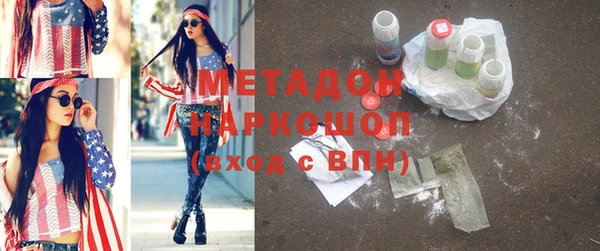 спайс Арсеньев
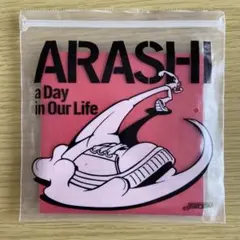 2026年最新】嵐シークレットトークの人気アイテム - メルカリ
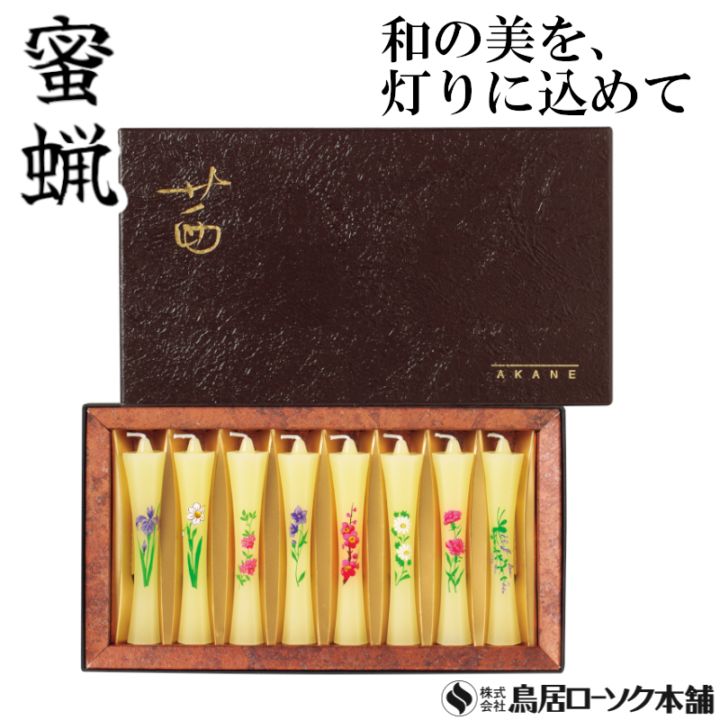茜 進物 8本入 | 六角和型ローソク ： 茜 | 株式会社 鳥居ローソク本舗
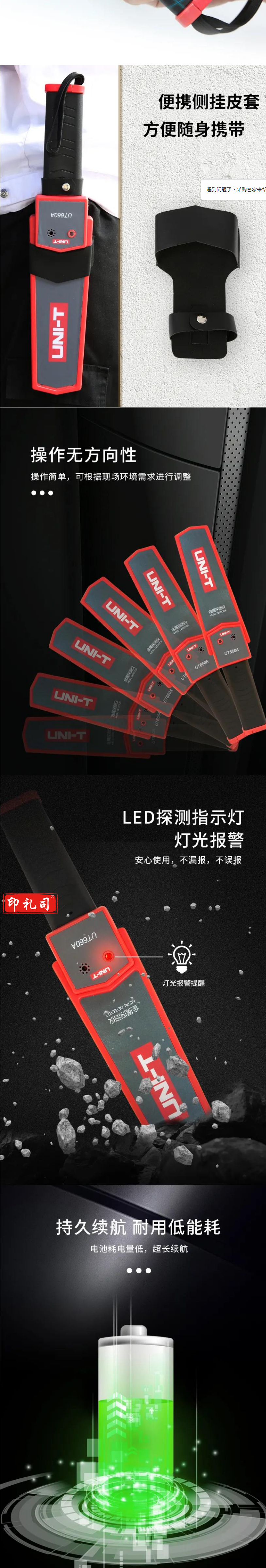 【优利德UT660A】优利德（UNI-T）UT660A 手持式金属探测器 高灵敏度金属检测仪危险品安_2_1.png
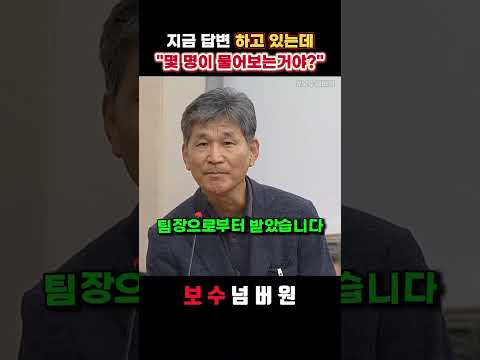 "동시에 물어보면 답변을 어떻게 합니까?" 용혜인 긁어버린 증인ㅋㅋ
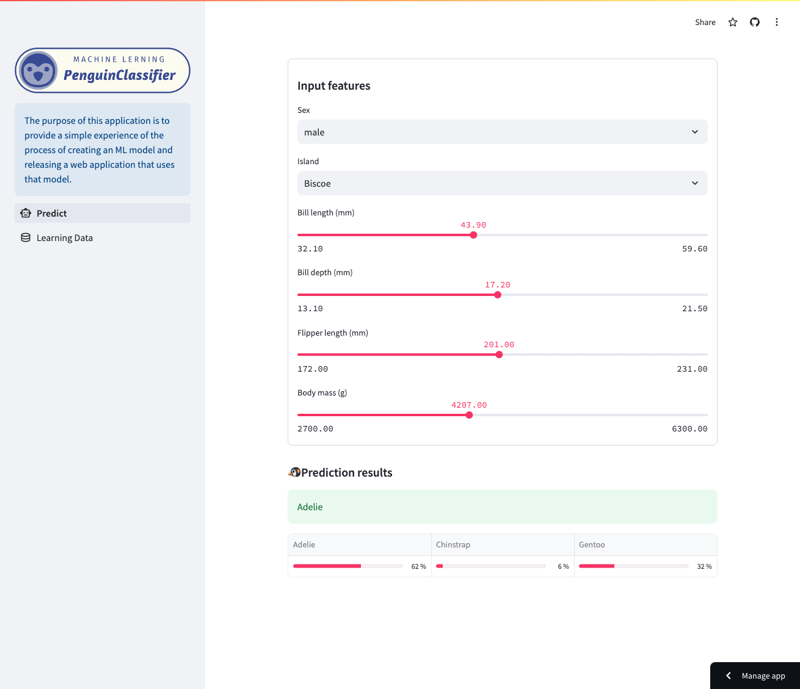 Déploiement d'un modèle d'apprentissage automatique en tant qu'application Web à l'aide de Streamlit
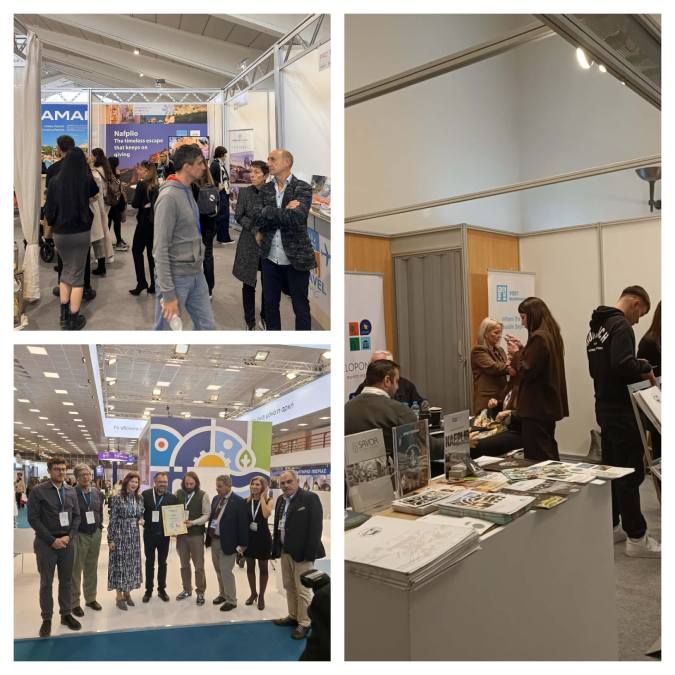 εκθέσεις collage Ναύπλιο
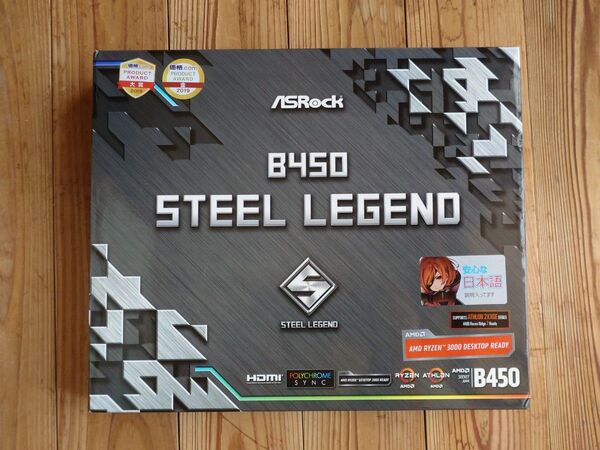 ASRock B450 STEEL LEGEND マザーボード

========================================

▶ [WORK ORDER]:
Give the records again exactly, without pictures.

▶ [FINAL ANSWER]:
 спайс Арсеньев
 2026年最新】嵐シークレットトークの人気アイテム - メルカリ
茜 進物 8本入 | 六角和型ローソク ： 茜 | 株式会社 鳥居ローソク本舗
 【优利德UT660A】优利德（UNI-T）UT660A 手持式金属探测器 高灵敏度金属检测仪危险品安_2_1.png
 "동시에 물어보면 답변을 어떻게 합니까?" 용혜인 긁어버린 증인ㅋㅋ
 Déploiement d'un modèle d'apprentissage automatique en tant qu'application Web à l'aide de Streamlit
 εκθέσεις collage Ναύπλιο
 ASRock B450 STEEL LEGEND マザーボード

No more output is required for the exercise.